I wrote a simple lambda function to copy one static size array into another
#include <tuple>
#include <iostream>
int main() {
constexpr auto copyArray = [](auto& out, const auto& in) noexcept {
[&]<size_t... Idxs>(std::index_sequence<Idxs...>) noexcept {
((out[Idxs]=in[Idxs]), ...);
}(std::make_index_sequence<std::min(std::size(out), std::size(in))>());
};
constexpr char c1[] = "dfjkwhjifehuiqh3iuhuihf3enewlknek32 ";
char c2[255]{0};
copyArray(c2, c1);
std::cout << (std::string(c2) == std::string(c1)) << "\n";
}
It works fine with GCC, but fails to compile with clang/msvc.

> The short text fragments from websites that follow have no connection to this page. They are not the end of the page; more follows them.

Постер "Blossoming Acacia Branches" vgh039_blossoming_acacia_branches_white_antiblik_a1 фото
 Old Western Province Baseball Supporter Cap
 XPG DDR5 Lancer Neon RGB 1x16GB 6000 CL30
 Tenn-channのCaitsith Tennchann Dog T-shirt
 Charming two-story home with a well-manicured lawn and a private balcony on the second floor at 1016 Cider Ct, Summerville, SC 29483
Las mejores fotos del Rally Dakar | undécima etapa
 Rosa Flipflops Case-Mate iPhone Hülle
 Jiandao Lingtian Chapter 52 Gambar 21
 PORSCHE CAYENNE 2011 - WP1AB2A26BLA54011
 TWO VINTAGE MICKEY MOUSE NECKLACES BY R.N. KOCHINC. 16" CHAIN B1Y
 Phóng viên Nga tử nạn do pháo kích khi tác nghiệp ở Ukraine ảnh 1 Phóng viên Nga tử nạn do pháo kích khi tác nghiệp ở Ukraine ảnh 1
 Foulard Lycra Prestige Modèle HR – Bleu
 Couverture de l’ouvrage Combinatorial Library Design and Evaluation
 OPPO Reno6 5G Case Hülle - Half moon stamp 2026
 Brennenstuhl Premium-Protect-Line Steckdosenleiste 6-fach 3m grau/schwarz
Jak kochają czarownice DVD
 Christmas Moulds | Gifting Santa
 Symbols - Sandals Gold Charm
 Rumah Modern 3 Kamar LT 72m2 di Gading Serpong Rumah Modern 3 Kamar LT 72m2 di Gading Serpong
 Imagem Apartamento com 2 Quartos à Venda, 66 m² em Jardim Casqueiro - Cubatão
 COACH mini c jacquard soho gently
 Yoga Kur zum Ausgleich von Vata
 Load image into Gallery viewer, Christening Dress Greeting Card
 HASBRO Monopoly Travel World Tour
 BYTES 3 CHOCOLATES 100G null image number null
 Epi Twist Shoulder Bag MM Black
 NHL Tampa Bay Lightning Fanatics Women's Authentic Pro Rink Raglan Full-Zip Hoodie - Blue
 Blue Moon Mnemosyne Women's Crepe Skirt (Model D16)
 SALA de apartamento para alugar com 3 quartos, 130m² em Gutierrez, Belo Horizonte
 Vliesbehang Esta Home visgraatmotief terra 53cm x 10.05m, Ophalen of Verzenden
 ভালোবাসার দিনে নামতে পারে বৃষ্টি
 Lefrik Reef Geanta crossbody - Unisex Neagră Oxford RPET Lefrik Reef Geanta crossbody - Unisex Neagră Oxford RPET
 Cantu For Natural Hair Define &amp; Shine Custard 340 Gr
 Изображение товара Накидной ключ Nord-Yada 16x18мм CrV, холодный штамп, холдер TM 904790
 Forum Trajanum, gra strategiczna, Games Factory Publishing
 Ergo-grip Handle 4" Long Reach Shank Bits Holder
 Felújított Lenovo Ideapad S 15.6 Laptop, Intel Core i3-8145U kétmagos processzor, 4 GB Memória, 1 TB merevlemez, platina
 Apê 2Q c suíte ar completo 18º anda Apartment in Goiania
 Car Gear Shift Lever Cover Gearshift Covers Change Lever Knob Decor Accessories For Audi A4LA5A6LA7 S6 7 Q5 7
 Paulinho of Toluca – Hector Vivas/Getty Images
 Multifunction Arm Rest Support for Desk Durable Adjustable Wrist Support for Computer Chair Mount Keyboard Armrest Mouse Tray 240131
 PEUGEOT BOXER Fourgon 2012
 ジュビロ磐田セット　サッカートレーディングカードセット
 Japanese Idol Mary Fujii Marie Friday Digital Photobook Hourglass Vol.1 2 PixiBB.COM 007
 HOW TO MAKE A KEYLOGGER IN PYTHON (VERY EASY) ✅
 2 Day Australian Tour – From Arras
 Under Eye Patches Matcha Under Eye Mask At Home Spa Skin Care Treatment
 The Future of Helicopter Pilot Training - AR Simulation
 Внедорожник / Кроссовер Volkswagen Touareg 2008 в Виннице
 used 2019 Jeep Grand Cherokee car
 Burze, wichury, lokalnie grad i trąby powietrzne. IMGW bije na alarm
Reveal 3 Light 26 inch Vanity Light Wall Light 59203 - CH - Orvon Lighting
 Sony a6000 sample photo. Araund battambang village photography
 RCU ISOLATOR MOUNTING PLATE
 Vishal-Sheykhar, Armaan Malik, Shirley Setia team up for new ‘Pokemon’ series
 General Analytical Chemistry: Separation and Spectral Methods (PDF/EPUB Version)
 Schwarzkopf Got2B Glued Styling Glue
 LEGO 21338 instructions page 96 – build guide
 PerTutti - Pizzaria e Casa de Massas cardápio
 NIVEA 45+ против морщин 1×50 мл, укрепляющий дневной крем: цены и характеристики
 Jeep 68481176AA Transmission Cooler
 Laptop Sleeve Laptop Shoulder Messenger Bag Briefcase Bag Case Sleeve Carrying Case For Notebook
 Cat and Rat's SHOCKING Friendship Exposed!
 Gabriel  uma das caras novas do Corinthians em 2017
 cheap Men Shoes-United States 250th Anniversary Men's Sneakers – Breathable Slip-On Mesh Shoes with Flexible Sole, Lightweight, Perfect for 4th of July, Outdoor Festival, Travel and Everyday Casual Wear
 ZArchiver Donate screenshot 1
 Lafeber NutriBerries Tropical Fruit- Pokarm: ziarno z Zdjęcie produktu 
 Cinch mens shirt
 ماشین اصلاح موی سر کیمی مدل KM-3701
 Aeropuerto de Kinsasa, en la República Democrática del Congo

The error says non-type template argument is not a constant expression, which basically means clang can't figure out the size of in and out, but only if use std::size, sizeof gives the right result (the compiler understands "the real" size of the arrays).
As I understand both in and out defined as references and should be deduced as char(&)[40] and char(&)[255], so the size should be visible at compile time.
Is it clang/msvc issue?
This is my favorite weird constexpr issue: the constexpr array size problem resolved by P2280 (note: this is my blog post and my paper).
The short version is that std::size(in) didn't used to be valid for use in a constant expression simply because in is a reference that is unknown to the constant evaluator. That's now changed - you don't actually need to read through in in any way to find the answer, so there's nothing that should prevent that from working. gcc apparently implements the fix here, clang does not yet.
Until then, you can change the lambda declaration to:
constexpr auto copyArray = []<class T, size_t M, size_t M>(T (&out)[M], T const (&in)[M]) noexcept {
And then use M and N instead of std::size(out) and std::size(in), respectively. Or any number of other workarounds (including just using decltype(in) and passing that to std::extent, etc.)